From time to time, you’ll want to update your installed packages, and that usually happens when something doesn’t work and maybe the dependencies of one package on another gets broken with a change in a package. Fortunately, in the R world, especially at the main repository at CRAN, there’s a lot of effort put into making sure packages work together, so usually there are no surprises if you’re using the most current versions. Note that there can be exceptions to this, and occasionally new package versions will create problems with other packages due to inter-package dependencies and the introduction of functions with names that duplicate other packages. The packages installed for this book were current as of that version of R, but new package versions may occasionally introduce errors.
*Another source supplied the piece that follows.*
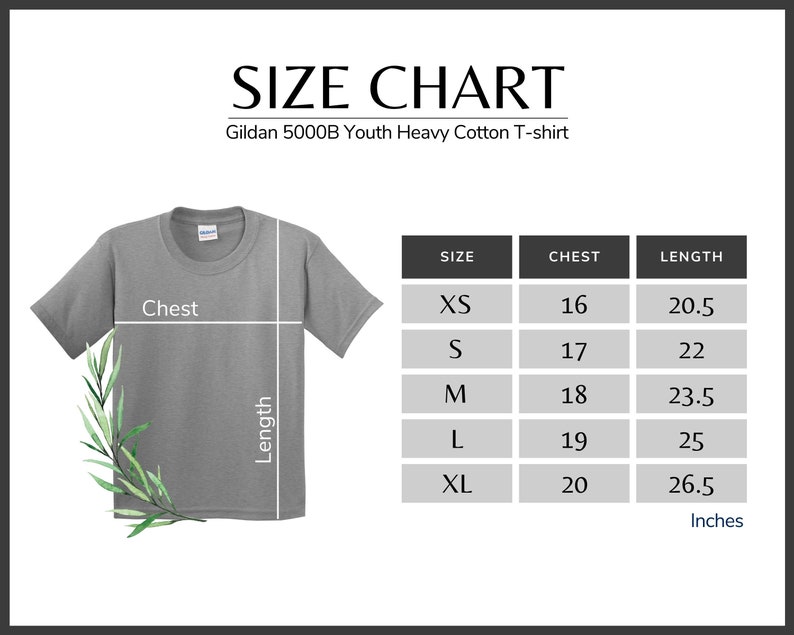 Op de afbeelding: Maattabel voor Gildan 5000B Youth Heavy Cotton T-shirt. De tabel toont maten XS tot en met XL met de bijbehorende borst- en lengtemaat in inches.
Once a package like dplyr is installed, you can access all of its functions and data by adding a library call, like …

library(dplyr)

… which you will want to include in your code, or to provide access to multiple libraries in the tidyverse, you can use library(tidyverse). Alternatively, if you’re only using maybe one function out of an installed package, you can call that function with the :: separator, like dplyr::select(). This method has another advantage in avoiding problems with duplicate names – and for instance we’ll generally call dplyr::select() this way.

Addenda: There are other methods we could look at, as well as case studies and expansions of methods we will look at. So we’ve also created an Environmental Data Science Addenda at https://bookdown.org/igisc/EnvDataSciAddenda/.

1.5.1 Data

We’ll be using data from various sources, including data on CRAN like the code packages above which you install the same way – so use install.packages("palmerpenguins").

We’ve also created a repository on GitHub that includes data we’ve developed in the Institute for Geographic Information Science (iGISc) at SFSU, and you’ll need to install that package a slightly different way.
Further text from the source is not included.